To support Greece's fight against the ongoing wildfires, the #EUCivilProtection Mechanism has mobilised:
— EU Civil Protection & Humanitarian Aid 🇪🇺 (@eu_echo) August 12, 2024
🛩️ 2 firefighting planes from the #rescEU fleet in Italy
🚁 1 helicopter from the rescEU fleet in France
🚒 Ground firefighting teams from Czechia and Romania pic.twitter.com/GXBkPAYFbx
Activé plus de 700 fois
Le mécanisme peut être activé à la demande de n’importe quel Etat, organisation internationale ou agence de l’ONU, et peut être déployé partout dans le monde. Depuis sa création en 2001, l’outil «a répondu à plus de 700 demandes d’assistance, à l’intérieur comme à l’extérieur de l’UE», chiffre la Commission européenne.

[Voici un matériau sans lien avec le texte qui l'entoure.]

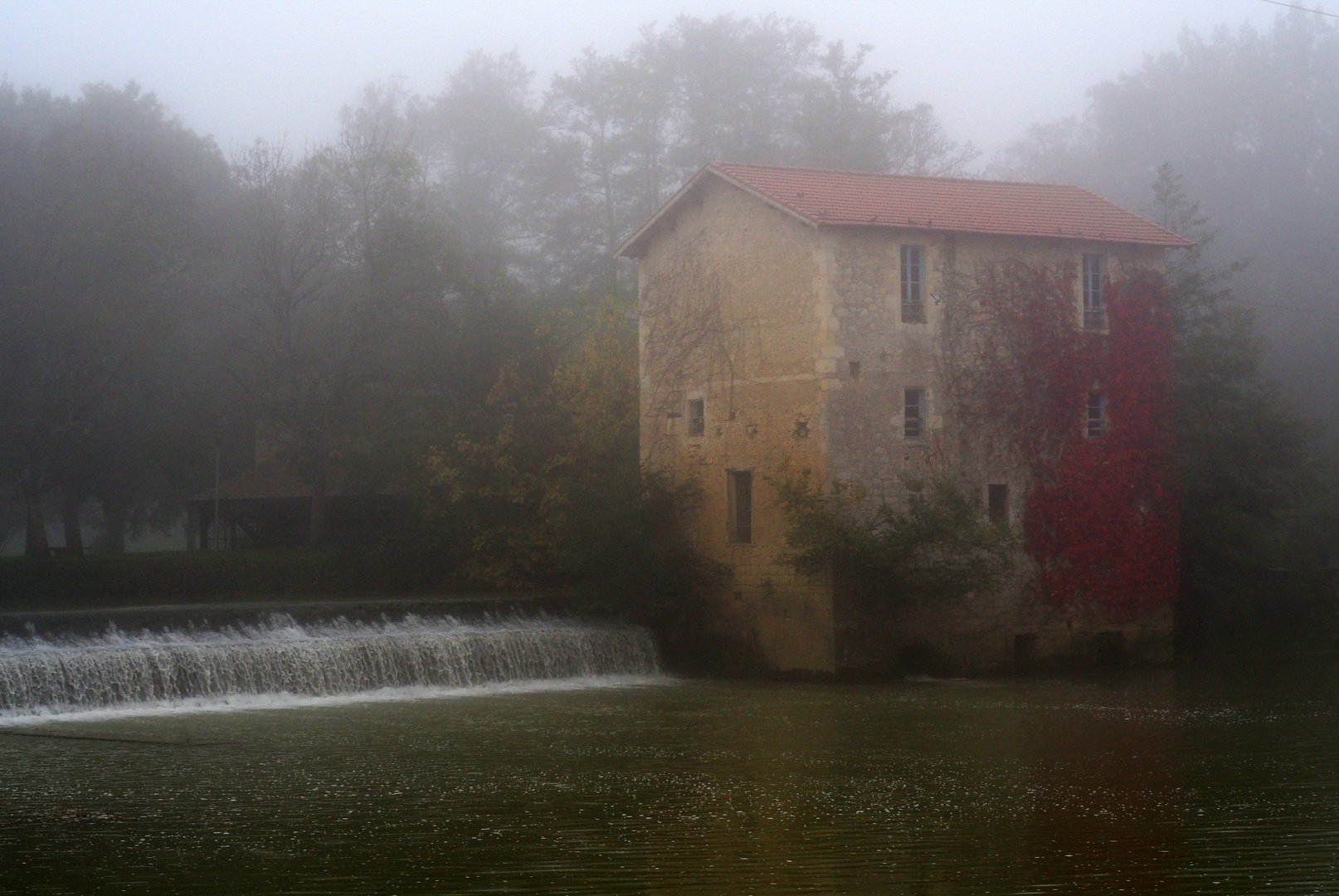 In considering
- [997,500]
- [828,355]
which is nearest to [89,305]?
[828,355]

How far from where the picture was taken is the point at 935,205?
84.9 ft

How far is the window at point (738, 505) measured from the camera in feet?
84.7

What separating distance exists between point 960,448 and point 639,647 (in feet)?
20.6

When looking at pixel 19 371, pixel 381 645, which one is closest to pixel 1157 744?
pixel 381 645

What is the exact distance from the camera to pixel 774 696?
21625 mm

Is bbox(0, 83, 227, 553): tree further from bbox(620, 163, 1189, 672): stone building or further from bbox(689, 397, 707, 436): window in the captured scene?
bbox(689, 397, 707, 436): window

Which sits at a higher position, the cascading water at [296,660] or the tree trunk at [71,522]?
the tree trunk at [71,522]

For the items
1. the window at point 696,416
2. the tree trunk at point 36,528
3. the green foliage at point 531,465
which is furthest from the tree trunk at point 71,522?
the window at point 696,416

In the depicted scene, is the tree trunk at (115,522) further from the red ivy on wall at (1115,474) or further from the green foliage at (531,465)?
the red ivy on wall at (1115,474)

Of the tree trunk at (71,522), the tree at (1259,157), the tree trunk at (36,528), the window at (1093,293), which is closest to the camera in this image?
the window at (1093,293)

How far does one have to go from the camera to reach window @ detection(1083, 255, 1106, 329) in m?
26.5

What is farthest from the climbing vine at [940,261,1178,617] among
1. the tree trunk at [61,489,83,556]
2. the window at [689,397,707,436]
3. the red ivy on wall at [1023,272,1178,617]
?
the tree trunk at [61,489,83,556]

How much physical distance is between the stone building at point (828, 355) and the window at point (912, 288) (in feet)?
0.10

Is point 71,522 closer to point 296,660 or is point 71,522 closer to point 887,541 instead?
point 296,660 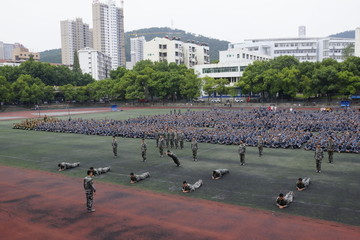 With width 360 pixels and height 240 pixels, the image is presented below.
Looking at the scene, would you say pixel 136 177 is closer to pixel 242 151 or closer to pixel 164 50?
pixel 242 151

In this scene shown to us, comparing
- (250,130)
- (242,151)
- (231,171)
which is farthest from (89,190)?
(250,130)

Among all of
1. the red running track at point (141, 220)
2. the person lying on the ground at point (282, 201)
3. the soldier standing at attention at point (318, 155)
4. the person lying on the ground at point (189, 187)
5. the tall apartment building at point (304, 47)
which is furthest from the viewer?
the tall apartment building at point (304, 47)

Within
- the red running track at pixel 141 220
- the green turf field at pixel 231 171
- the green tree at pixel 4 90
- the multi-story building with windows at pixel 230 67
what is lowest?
the red running track at pixel 141 220

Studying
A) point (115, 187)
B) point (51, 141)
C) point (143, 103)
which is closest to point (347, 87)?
point (143, 103)

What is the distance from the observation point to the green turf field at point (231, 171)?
1292cm

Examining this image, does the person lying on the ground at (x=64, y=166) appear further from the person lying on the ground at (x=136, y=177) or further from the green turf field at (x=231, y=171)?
the person lying on the ground at (x=136, y=177)

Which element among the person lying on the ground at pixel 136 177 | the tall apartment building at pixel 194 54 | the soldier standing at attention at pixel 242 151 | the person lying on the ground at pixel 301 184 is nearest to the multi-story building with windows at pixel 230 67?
the tall apartment building at pixel 194 54

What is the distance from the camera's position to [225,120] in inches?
1527

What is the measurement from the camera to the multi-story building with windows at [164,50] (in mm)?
122875

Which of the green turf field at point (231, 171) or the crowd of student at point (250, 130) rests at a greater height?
the crowd of student at point (250, 130)

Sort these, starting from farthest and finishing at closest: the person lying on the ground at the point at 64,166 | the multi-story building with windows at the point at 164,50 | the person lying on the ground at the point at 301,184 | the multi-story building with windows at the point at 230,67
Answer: the multi-story building with windows at the point at 164,50 < the multi-story building with windows at the point at 230,67 < the person lying on the ground at the point at 64,166 < the person lying on the ground at the point at 301,184

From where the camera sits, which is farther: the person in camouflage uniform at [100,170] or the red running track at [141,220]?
the person in camouflage uniform at [100,170]

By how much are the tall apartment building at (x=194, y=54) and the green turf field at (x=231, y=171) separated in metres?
104

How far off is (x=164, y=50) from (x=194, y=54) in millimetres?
15305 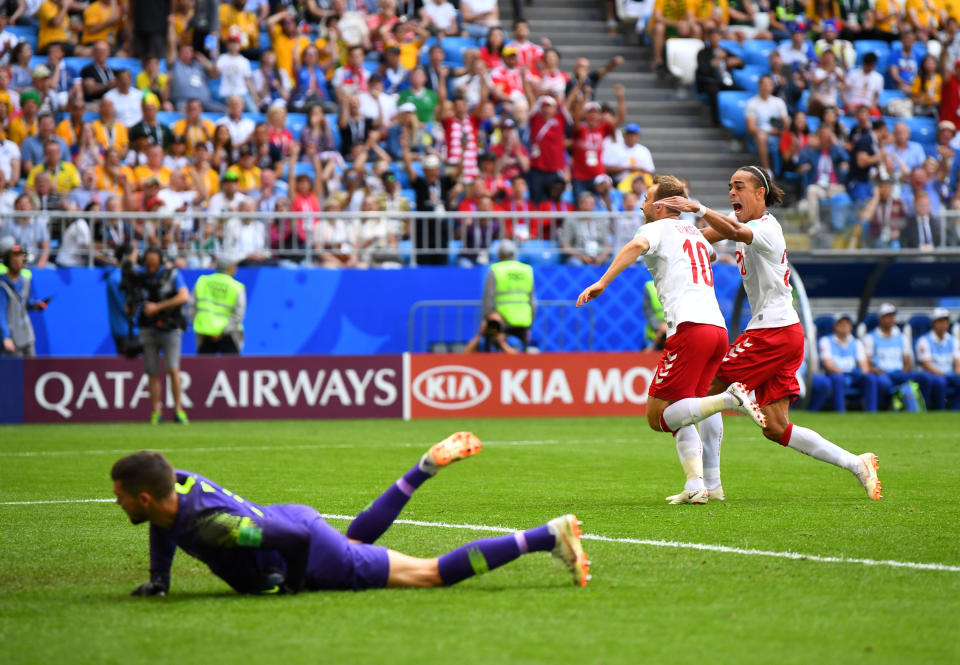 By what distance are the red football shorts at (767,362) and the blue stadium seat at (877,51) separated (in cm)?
2011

Il a notamment été déployé de nombreuses fois pendant la pandémie, mais aussi après la double explosion au port de Beyrouth en août 2020 par exemple. Pour la seule année 2023, le mécanisme a été activé 66 fois, «en réponse à la guerre en Ukraine, à des incendies en Europe et au tremblement de terre en Syrie et en Turquie», poursuit Bruxelles.
Et si les Etats membres mettent leurs ressources à disposition, c’est bien la Commission européenne qui finance le fonctionnement général du MEPC. Plus précisément, l’institution contribue à au moins 75 % des frais de transport et/ou des coûts opérationnels des missions de déploiement. En plus des contributions des pays participants, une enveloppe issue du budget pluriannuel et du plan de relance de l’UE est aussi dédiée au mécanisme. Pour la période 2021-2027, son budget s’élève à 3,3 milliards d’euros.

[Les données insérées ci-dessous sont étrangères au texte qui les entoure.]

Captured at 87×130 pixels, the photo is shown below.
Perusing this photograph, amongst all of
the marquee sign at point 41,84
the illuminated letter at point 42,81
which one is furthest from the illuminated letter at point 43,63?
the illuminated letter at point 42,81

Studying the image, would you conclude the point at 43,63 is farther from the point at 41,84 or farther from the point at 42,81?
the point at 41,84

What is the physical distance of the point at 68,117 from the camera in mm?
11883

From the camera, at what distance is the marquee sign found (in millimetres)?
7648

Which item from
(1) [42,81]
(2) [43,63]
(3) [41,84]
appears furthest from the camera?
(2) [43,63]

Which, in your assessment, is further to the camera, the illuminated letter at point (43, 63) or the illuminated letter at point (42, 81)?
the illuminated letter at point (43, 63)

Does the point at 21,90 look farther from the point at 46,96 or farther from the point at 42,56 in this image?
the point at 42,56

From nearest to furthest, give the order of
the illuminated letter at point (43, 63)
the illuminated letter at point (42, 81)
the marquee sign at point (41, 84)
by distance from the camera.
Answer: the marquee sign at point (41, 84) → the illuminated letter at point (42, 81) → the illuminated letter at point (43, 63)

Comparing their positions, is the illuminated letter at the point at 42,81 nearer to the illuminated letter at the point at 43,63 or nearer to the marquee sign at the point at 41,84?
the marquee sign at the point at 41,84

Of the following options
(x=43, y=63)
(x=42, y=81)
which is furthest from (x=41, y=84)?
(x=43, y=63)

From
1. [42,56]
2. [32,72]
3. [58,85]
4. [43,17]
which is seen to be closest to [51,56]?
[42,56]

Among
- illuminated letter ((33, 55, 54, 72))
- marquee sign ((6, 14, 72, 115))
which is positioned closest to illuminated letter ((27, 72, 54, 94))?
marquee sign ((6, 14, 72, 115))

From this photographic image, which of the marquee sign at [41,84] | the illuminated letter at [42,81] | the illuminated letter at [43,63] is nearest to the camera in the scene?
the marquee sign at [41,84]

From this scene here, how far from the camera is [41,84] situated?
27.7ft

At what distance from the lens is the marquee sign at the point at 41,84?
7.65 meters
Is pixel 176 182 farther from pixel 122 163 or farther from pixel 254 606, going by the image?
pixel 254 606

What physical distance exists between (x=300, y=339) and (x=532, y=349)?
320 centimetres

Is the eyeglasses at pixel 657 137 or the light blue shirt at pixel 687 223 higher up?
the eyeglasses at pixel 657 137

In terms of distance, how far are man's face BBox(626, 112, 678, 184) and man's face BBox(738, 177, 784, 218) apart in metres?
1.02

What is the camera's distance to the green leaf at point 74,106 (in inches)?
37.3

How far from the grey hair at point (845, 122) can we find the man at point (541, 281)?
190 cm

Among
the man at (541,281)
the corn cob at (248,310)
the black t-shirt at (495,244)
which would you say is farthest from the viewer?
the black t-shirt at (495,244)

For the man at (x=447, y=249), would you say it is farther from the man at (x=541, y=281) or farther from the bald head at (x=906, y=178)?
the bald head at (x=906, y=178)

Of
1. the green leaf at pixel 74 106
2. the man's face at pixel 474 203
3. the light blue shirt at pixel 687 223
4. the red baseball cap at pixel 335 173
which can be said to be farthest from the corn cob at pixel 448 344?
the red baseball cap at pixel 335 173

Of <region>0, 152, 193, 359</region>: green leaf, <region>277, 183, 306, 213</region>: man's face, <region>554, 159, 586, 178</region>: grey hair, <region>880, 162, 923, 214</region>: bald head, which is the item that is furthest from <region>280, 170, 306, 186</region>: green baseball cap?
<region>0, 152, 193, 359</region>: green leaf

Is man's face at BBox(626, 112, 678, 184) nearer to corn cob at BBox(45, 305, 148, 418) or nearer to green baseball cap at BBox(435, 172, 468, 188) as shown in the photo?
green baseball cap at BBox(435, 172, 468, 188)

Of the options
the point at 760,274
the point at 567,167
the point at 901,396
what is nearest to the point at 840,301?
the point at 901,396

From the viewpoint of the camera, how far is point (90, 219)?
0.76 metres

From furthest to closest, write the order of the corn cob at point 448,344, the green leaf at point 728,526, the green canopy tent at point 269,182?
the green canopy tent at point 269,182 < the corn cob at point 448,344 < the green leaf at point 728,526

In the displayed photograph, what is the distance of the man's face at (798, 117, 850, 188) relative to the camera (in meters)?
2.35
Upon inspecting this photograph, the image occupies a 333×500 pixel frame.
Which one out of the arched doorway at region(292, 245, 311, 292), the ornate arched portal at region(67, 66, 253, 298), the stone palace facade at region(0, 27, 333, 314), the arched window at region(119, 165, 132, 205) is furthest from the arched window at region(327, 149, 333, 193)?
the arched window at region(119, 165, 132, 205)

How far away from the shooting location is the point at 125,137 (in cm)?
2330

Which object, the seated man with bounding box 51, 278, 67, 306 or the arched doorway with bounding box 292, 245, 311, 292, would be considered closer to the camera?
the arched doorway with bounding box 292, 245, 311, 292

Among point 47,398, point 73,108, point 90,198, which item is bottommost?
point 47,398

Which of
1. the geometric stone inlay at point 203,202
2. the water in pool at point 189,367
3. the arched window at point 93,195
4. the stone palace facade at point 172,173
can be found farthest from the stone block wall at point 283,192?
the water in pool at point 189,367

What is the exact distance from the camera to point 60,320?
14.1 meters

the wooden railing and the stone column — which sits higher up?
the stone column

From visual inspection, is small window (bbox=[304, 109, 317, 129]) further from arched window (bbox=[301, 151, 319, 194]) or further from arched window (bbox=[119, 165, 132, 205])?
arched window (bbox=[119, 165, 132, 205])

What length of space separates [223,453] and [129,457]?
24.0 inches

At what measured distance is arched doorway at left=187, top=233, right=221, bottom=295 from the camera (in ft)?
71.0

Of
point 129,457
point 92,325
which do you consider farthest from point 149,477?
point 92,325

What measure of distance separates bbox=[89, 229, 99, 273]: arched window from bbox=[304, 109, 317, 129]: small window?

De nouveaux avions à l’avenir
Mais si Balazs Ujvari salue une réponse «rapide» en Grèce, qui a activé le mécanisme dans la nuit de dimanche à lundi il l’admet : l’outil peut parfois être dépassé. «Il est très efficace lorsqu’une catastrophe touche seulement un ou deux pays. Mais si la même situation touche l’ensemble du continent et qu’aucun membre ne peut offrir son aide, comme on l’a vu pendant le Covid, le mécanisme peut se voir un peu paralysé». Pour le porte-parole, il est donc plus que jamais primordial «d’accumuler des stocks au niveau de l’UE, pour avoir un matériel sur lequel nous pouvons compter».

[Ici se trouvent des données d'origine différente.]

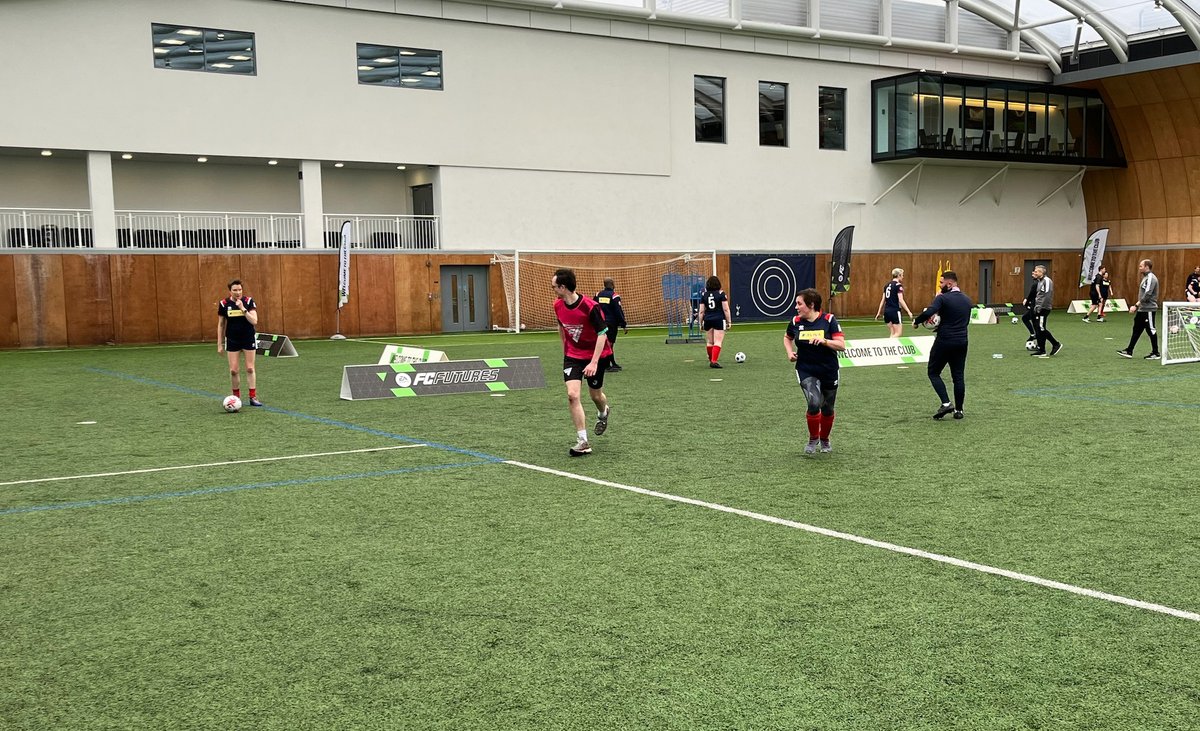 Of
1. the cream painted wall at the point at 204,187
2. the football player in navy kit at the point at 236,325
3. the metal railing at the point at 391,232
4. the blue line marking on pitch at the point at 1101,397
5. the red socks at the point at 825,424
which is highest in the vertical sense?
the cream painted wall at the point at 204,187

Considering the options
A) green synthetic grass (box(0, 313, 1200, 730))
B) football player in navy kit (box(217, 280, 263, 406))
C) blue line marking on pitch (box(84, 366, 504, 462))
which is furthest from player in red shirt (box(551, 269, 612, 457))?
football player in navy kit (box(217, 280, 263, 406))

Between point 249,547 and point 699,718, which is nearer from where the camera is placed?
point 699,718

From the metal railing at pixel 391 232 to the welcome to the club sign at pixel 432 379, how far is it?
60.2 feet

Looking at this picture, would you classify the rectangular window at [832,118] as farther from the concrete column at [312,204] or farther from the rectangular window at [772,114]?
the concrete column at [312,204]

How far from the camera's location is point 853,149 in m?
42.2

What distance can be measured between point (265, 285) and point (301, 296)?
3.73 ft

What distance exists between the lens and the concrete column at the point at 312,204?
106ft

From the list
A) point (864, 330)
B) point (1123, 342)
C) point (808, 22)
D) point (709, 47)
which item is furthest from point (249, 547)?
point (808, 22)

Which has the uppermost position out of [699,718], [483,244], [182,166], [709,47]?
[709,47]

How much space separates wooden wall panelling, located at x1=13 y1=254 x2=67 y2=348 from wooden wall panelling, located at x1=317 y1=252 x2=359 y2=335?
729 cm

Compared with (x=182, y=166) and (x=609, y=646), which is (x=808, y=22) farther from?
(x=609, y=646)

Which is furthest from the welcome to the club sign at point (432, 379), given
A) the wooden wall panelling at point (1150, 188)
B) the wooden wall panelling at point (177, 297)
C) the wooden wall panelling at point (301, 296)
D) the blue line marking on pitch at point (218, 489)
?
the wooden wall panelling at point (1150, 188)

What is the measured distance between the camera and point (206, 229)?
32.0 meters

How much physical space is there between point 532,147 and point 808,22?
1292 centimetres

Allant dans ce sens, Bruxelles a annoncé ce mardi le lancement de la production de douze avions de lutte contre les incendies. Des aéronefs «destinés à constituer la flotte permanente RescEU», qui seront «financés par la Commission européenne et deviendront la nouvelle pierre angulaire de la réponse de crise de l’UE pour lutter contre les incendies de forêt», se félicite la Commission européenne dans un communiqué. Le premier lot de ces avions devrait être livré pour la fin de 2027. L’objectif : que ces nouvelles réserves puissent être rapidement déployées dans le futur, «alors que les saisons des feux de forêt deviennent plus longues, plus meurtrières et plus imprévisibles».